═══ PROVIDED INFORMATION ═══
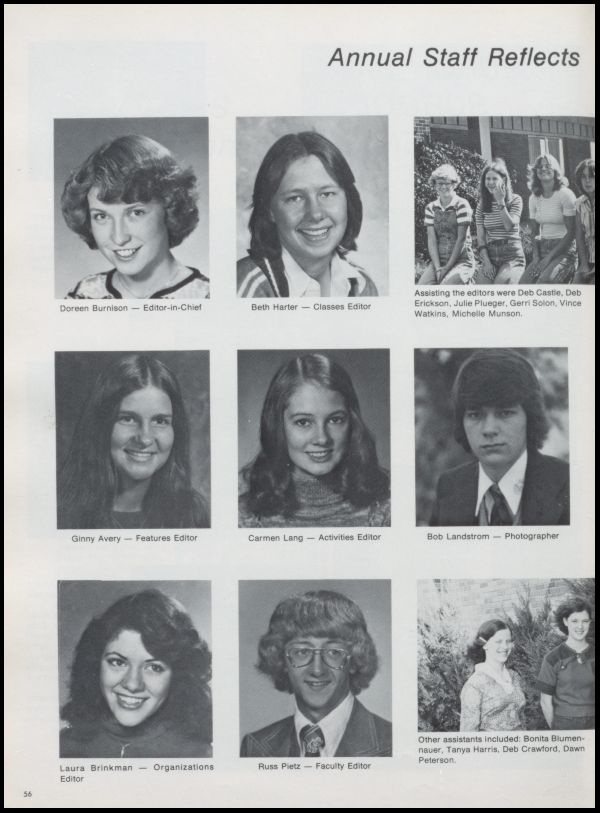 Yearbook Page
═══
═══ PROVIDED INFORMATION ═══
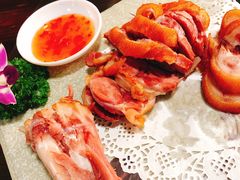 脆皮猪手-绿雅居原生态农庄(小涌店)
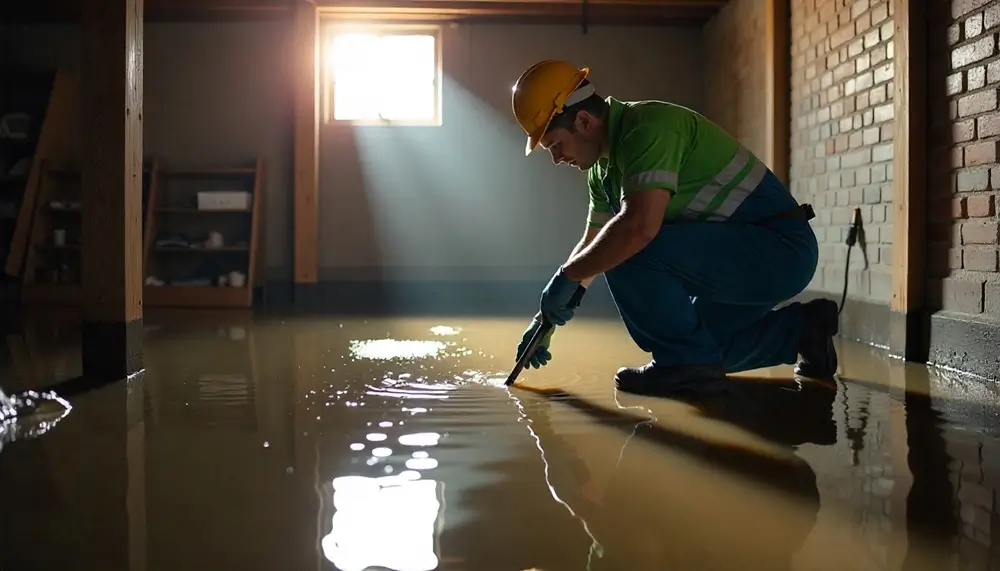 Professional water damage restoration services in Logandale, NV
═══
REQUIRED ACTION. Where a picture appears in the records above, omit it, and transcribe exactly the stretch of lines from the one with "脆皮猪手-绿雅居原生态农庄(小涌店)" through the one with "Professional water damage".

REPLY.
 脆皮猪手-绿雅居原生态农庄(小涌店)
 Professional water damage restoration services in Logandale, NV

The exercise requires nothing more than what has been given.